[Short web captions]
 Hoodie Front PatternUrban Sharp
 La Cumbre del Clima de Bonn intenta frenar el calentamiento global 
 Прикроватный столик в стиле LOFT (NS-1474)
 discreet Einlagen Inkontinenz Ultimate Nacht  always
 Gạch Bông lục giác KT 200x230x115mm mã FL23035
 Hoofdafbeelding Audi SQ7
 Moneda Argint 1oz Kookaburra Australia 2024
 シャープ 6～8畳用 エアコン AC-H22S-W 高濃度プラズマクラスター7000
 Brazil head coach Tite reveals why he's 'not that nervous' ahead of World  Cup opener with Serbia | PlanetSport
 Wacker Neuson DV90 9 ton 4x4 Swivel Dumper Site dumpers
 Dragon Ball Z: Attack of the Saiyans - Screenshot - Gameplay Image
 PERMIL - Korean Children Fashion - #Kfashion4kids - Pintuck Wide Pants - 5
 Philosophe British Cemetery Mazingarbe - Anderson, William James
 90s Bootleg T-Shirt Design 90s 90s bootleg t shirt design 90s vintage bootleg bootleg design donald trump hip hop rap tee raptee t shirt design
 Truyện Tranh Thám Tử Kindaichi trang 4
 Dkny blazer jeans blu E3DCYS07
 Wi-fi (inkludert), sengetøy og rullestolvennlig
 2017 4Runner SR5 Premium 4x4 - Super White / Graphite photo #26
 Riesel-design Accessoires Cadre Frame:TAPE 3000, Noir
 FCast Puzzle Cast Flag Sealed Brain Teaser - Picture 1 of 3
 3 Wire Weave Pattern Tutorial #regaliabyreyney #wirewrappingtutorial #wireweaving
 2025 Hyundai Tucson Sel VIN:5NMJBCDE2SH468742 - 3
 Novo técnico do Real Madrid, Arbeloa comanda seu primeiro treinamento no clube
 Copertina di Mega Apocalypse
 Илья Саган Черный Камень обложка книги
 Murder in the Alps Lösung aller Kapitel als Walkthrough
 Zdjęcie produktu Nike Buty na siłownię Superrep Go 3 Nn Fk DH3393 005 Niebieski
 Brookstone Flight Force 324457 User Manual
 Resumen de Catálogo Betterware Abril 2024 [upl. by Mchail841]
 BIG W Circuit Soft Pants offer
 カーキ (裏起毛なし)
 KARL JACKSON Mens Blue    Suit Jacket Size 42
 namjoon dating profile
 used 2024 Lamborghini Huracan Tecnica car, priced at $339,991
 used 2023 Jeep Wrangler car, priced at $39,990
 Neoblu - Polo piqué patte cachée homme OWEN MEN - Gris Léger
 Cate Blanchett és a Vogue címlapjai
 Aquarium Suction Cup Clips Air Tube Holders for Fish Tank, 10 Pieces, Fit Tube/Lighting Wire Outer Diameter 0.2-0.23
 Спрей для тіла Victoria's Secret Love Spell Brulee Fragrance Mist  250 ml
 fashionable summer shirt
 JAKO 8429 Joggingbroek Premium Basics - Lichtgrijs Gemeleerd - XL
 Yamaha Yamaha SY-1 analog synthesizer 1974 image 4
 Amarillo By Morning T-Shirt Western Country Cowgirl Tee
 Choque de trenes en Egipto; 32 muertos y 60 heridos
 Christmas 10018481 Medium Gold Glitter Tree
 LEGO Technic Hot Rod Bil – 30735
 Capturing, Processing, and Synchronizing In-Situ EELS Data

* _Work to complete_
All lines in the records above that contain "Premium" are to be reported.

* _Solution for this exercise_
 2017 4Runner SR5 Premium 4x4 - Super White / Graphite photo #26
 JAKO 8429 Joggingbroek Premium Basics - Lichtgrijs Gemeleerd - XL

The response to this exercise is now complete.